May 18, 2015
A Quest for Syncable Private Online Storage

It's necessary for apps to sync data, either documents or preferences, among our devices. Syncable means that modifications made on one device must be transferred to other devices swiftly. Private means that data must be encrypted with a user provided key before upload to server, so that neither cloud provider nor app developer can look inside your documents.

These requirements seem to contradict each other. Encrypted data is extremely expensive to sync. Even if you just change one byte, newly encrypted data will be entirely different, therefore a full syncing will have to copy every byte. However, if we design the storage file to be append-only, and use a stream cipher instead, then our goal can be met.

An append-only file is opened for reading and writing, only that the writing always happens at the end of file. For C programmers, such a file is opened in this way:

fopen("datafile", "a+");

Since it's append only, it's easy to sync by comparing file size and only downloading the missing data at the end, and another benefit is that your data will never get corrupted. When things go wrong, we can simply revert to earlier versions. Stream cipher encrypts data on the fly as they are being appended.

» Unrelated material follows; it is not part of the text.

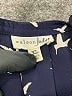 Maison Jules 100% Polyester Blue Sleeveless T-Shirt Size XL - photo 7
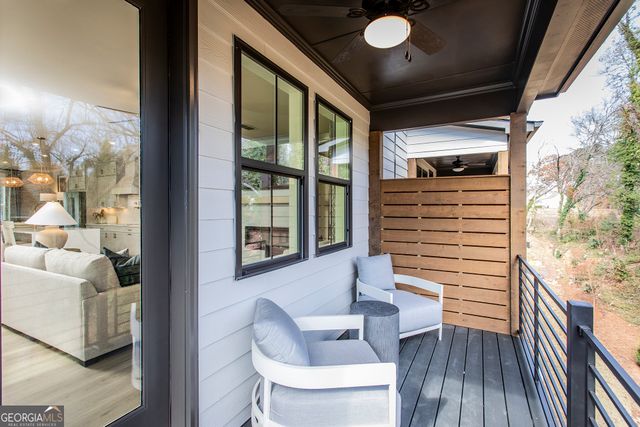 119 Bridgecrest Road 25, Roswell, GA 30075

There is no need to re-encrypt whole file from the start. Effectively we also have an encryptable version control storage.

The problem of append only data storage is that, unlike usual database systems, we need to build an external index file for fast queries. The external index file has to be built on first time load, and always be updated whenever there is new data coming in. It can also be encrypted so even if other people get access to your device, your index file is still safe.

Normally a remote server is required to help devices sync with each other. The server only has meta information, for example, size of the data file, timestamps of updates from clients. It can do some basic conflict resolution. When a client tries to push or append new data, the server requires the client to provide its local head position (same as file size) and checksum. If client head position is not equal to the head at server, then the server will reject updates from the client. The client should catch up with the server head position first, by downloading missing data and doing conflict resolution locally. Since the server has no idea of the contents, keeping the content in proper status is at the discretion of all clients. A badly behaving client could post garbage data to the server. Even in such case, we can still revert data to earlier versions, and revoke access permission for those bad clients if necessary.

Like git, clients have full copy of data. Therefore they can switch to another remote storage provider at will.

Data syncing can also be peer-to-peer. Two different local storages can negotiate a common head position by exchanging checksums of different portions of data, and then try to merge their differences after that.

Going forward, this is how app developers should protect private data of users, and this is how we can completely close any possible backdoors to user data, yet still provide convenience of fast syncing.